**What you have to do**: Your task is to write out exactly the lines of the listing below, from the first down to the line that holds "Used 2021 Lexus".
┌──
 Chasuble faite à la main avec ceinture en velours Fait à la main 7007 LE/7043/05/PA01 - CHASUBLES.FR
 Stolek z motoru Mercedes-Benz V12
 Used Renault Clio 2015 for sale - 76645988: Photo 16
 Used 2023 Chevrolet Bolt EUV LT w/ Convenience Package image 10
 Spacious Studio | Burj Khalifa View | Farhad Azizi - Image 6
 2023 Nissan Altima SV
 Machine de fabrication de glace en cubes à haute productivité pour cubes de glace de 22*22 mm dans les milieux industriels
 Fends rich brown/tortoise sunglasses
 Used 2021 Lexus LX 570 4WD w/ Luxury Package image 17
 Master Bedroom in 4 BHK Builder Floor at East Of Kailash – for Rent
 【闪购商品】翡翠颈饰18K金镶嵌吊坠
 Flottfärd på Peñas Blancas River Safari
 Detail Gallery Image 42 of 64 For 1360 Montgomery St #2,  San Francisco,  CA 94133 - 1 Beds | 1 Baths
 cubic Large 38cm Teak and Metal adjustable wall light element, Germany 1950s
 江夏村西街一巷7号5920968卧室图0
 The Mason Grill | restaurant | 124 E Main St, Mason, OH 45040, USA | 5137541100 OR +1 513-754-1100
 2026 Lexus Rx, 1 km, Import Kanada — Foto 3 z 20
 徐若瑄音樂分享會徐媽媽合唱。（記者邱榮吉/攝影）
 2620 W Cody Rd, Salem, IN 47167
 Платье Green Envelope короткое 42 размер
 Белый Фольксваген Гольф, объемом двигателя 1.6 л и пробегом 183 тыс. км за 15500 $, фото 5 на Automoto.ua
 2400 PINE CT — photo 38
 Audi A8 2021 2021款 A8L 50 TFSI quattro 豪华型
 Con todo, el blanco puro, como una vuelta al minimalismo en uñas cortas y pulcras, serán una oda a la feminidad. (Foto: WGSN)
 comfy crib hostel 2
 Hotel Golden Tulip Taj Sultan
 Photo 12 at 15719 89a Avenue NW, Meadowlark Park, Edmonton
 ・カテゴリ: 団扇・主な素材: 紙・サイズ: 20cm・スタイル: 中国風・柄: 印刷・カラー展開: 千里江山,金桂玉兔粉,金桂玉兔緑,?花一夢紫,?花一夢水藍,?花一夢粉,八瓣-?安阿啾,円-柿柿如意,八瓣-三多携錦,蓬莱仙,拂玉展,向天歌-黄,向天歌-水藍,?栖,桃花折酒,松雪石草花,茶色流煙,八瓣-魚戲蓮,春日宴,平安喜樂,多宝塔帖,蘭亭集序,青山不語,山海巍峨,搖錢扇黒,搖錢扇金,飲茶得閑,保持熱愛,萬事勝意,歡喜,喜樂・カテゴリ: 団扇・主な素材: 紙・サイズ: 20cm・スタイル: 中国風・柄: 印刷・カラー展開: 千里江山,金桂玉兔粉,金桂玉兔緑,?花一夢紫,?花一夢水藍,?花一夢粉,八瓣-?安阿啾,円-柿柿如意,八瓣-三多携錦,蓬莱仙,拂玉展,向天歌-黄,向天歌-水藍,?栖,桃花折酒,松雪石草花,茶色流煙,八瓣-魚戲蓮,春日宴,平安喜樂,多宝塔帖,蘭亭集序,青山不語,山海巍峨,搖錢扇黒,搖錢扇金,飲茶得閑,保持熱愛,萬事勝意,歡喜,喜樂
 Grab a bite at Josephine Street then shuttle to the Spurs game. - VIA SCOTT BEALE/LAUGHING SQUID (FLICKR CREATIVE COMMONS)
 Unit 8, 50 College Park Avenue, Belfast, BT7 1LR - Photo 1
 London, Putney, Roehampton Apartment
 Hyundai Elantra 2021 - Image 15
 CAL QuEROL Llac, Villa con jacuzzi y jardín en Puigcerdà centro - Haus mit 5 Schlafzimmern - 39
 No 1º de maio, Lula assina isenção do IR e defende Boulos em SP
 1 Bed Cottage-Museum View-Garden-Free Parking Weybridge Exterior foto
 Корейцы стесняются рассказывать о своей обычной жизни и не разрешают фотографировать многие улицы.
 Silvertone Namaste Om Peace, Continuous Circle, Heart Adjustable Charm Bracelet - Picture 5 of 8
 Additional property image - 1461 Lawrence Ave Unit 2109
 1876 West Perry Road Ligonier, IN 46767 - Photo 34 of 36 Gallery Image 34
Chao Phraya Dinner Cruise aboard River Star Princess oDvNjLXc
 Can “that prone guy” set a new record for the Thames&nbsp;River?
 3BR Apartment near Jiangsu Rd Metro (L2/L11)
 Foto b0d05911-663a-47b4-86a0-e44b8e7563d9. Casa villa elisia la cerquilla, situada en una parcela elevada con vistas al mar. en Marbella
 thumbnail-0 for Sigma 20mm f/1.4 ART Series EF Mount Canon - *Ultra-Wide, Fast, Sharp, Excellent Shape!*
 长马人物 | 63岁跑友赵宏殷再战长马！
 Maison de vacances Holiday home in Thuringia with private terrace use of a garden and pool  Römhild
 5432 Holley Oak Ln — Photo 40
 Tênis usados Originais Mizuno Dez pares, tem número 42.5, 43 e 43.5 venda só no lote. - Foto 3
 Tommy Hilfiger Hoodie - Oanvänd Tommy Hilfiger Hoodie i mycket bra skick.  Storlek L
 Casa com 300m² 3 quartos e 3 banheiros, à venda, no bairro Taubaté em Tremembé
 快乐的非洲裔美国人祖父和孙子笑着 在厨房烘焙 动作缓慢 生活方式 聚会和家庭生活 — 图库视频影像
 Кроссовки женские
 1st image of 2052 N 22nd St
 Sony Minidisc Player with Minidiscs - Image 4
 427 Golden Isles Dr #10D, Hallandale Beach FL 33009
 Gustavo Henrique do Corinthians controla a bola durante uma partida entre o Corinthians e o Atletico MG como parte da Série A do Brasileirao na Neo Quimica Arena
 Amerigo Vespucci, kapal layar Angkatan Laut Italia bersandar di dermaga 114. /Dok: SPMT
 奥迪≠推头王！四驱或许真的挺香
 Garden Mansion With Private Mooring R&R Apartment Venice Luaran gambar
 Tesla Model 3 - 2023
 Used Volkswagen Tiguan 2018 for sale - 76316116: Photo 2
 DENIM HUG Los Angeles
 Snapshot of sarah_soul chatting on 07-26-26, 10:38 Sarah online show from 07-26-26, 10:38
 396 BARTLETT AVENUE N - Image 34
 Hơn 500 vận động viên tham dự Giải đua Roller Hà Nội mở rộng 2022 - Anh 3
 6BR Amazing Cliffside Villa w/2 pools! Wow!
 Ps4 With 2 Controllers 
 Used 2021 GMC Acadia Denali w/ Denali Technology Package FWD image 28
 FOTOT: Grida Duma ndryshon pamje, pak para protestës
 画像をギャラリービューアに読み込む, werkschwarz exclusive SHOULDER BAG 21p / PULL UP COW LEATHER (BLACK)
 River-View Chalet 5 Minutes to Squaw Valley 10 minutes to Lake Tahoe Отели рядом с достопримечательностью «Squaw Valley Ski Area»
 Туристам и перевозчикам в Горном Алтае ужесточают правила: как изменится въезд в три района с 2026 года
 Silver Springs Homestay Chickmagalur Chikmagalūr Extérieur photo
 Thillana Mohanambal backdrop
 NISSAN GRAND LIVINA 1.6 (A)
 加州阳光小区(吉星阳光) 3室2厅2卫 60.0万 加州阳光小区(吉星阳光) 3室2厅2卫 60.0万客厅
└──
**Completed task**:
 Chasuble faite à la main avec ceinture en velours Fait à la main 7007 LE/7043/05/PA01 - CHASUBLES.FR
 Stolek z motoru Mercedes-Benz V12
 Used Renault Clio 2015 for sale - 76645988: Photo 16
 Used 2023 Chevrolet Bolt EUV LT w/ Convenience Package image 10
 Spacious Studio | Burj Khalifa View | Farhad Azizi - Image 6
 2023 Nissan Altima SV
 Machine de fabrication de glace en cubes à haute productivité pour cubes de glace de 22*22 mm dans les milieux industriels
 Fends rich brown/tortoise sunglasses
 Used 2021 Lexus LX 570 4WD w/ Luxury Package image 17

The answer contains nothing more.